For clarity regarding what the code does now:
The reference code generates excess output from the initial SHAKE call, and samples from that, and incrementally squeezes out an additional block one at a time as required (Enough for 1344 elements, with each additional squeeze providing 21 elements).
(The rejection sampling algorithm is somewhat wasteful since it discards 2 bits of input per sample as well, but what's done now is easier to implement.)
I've no idea if an maybe an arithmetic coding scheme would be more efficient.
Or let a be a system-wide parameter changing say on a daily basis?
I mentioned using the Tor collaborative random number generator for a in my other message, but only as feint to get to the meat of my argument that Isis and Peter's proposal sounds optimal. I think rotating a network wide a would get messy and dangerous in practice.

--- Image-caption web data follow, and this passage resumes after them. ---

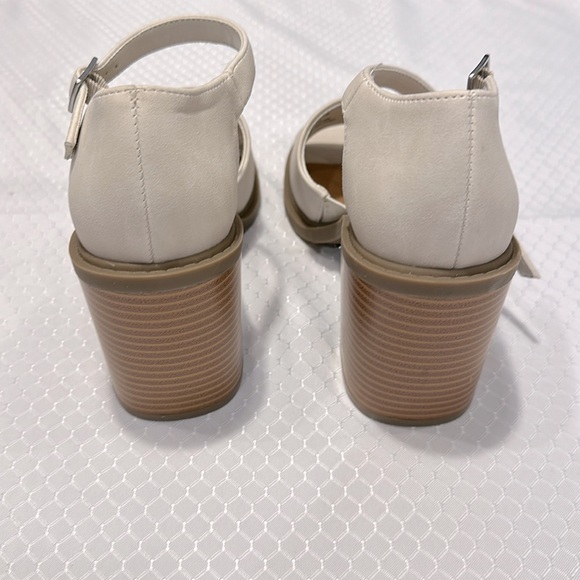 NEW 3 inch block heel sandal, neutral color, adjustable buckle ankle straps, 7.5 - Picture 5 of 8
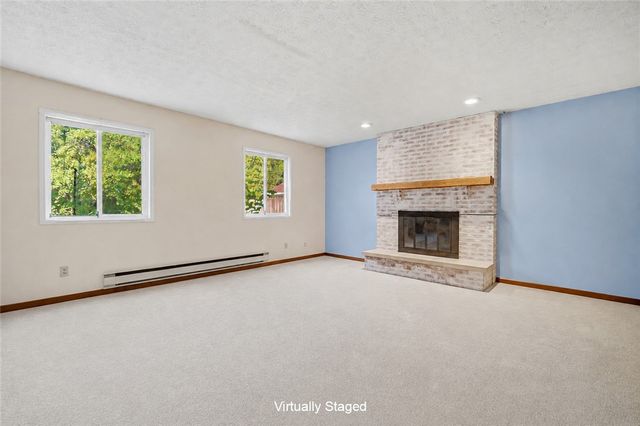 2760 Corlington Drive, Kettering, OH 45440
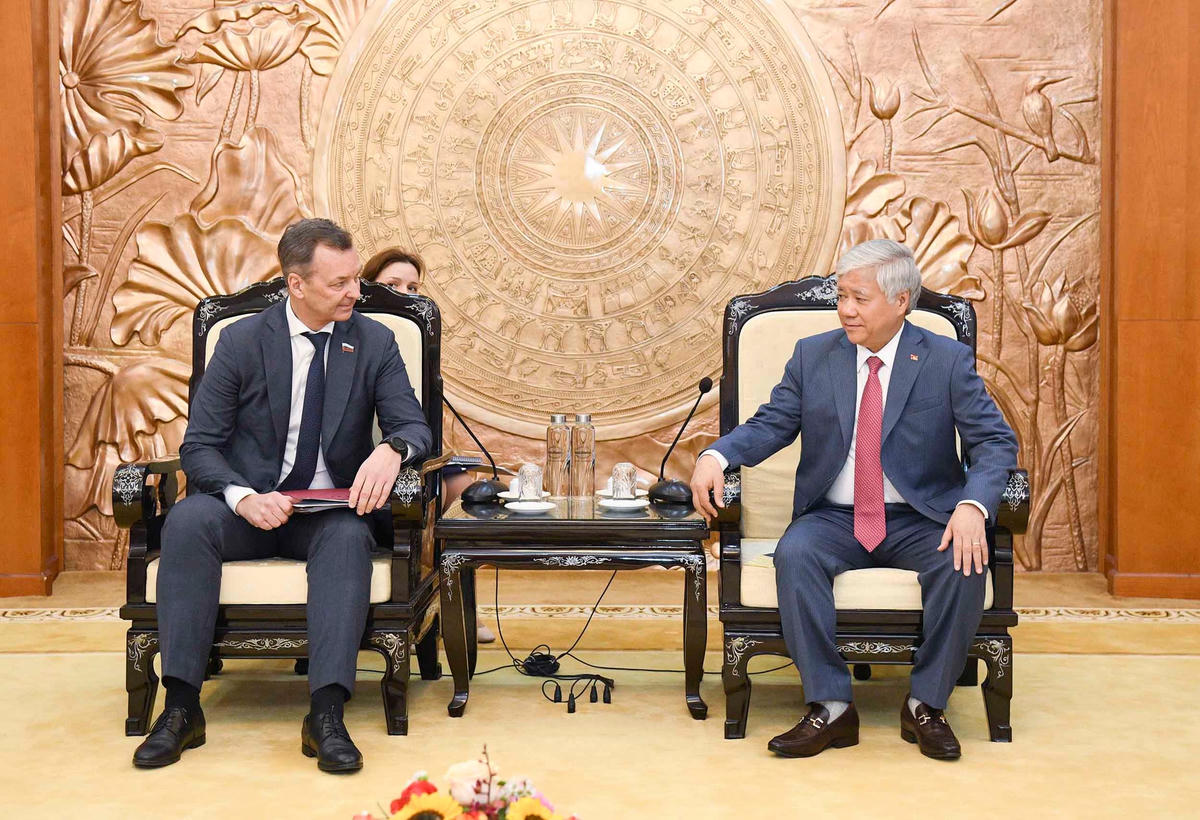 Bí thư Trung ương Đảng, Chủ tịch UBTƯ MTTQ Việt Nam Đỗ Văn Chiến trao đổi cùng Phó Chủ tịch thứ nhất Hội đồng Liên bang Nga, Chủ tịch Nhóm Hợp tác với Quốc hội Việt Nam của Hội đồng Liên bang Nga Andrey Yatskin. 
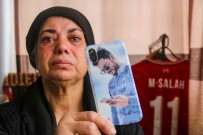 Acili Anne Kazada Kaybettigi Oglunun Odasina Giremiyor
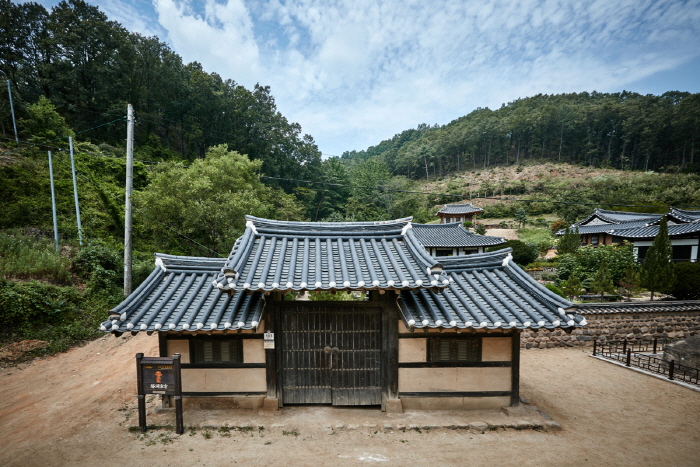 Familiensitz des Tapdong-Zweiges des Goseong Yi Clans (법흥동 고성이씨탑동파종택)
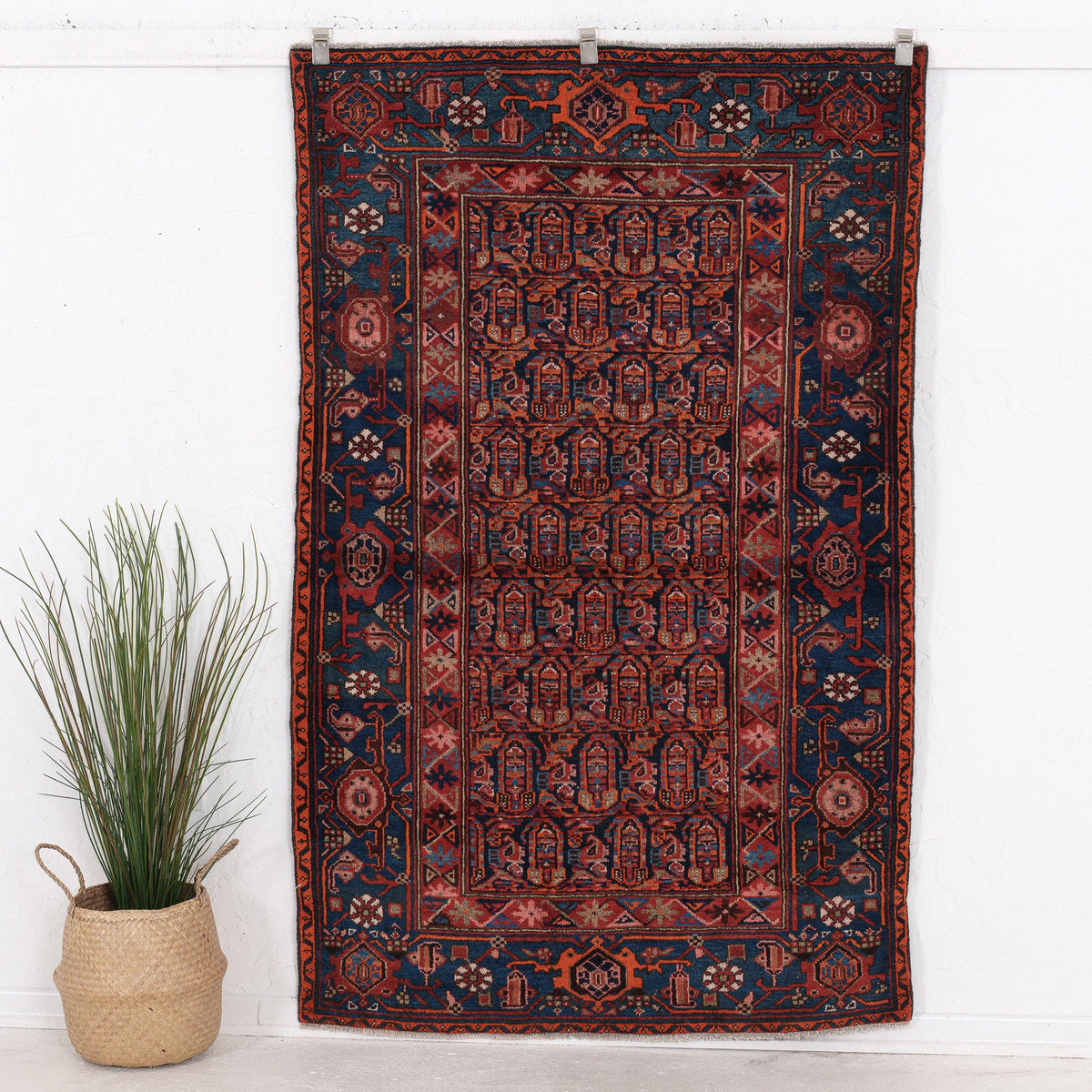 Kaelinia - Vintage Persian Small Rug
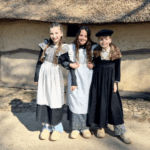 Leerlingen van IKC De Hoge Hoeve in het Openluchtmuseum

If bandwidth is an issue, then a could be derived from the ECDH handshake, thereby making it zero cost.
Err. I'm not sure how that will work without rejection sampling that exposes timing information, maybe I'm missing something.
I had a brief discussion with Dr. Schwabe regarding using deterministic `a` generation for unrelated reasons, with something time based being tossed around, but requiring a global clock isn't that great, and leaks clock skew information (Though I would use something like H(tweak | unixTime / 3600), which is rather coarse...), and as a peace of mind thing, I do prefer randomizing `a` on a per-connection basis.
But anyway like I said, I don't think this is an issue.